1. Comenzamos a salir con Caro en vísperas de la Copa del Mundo de Corea-Japón de 2002. Como ella es futbolera, fue sencillo acordar que la unidad que mensura nuestra pareja son los Mundiales: llevamos vistos seis mundiales juntos (en ese 2002 no vivíamos en el mismo lugar: solo asistimos juntos al triunfo sobre Nigeria, en casa de unos amigos, lo que permite inferir que la violación de la cábala del espacio fue la causa de la debacle. No volvió a repetirse).

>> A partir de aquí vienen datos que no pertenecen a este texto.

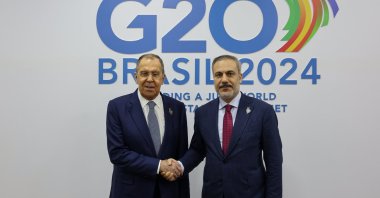 Foreign Minister Hakan Fidan and his Russian counterpart Sergey Lavrov shake hands as they meet at the G-20 Foreign Ministers&#039; meeting in Rio de Janeiro, Brazil, Feb. 22, 2024. (AA Photo)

Una parte de lo dicho en el párrafo anterior es mentira. Seis Mundiales se ven como se pueden, no como se debe: la gente trabaja, viaja, tiene hijos pequeños, vive, en suma. Las cábalas se violan a cada paso: están hechas para decir que se cumplen y para violarlas con algún sistema. A juzgar por el modo caótico en el que vi Qatar 2022, debimos haber sido eliminados en la primera ronda. Por suerte, los cabuleros sistemáticos, creyentes y perseverantes son tantos que los herejes y los descreídos no causamos grandes daños.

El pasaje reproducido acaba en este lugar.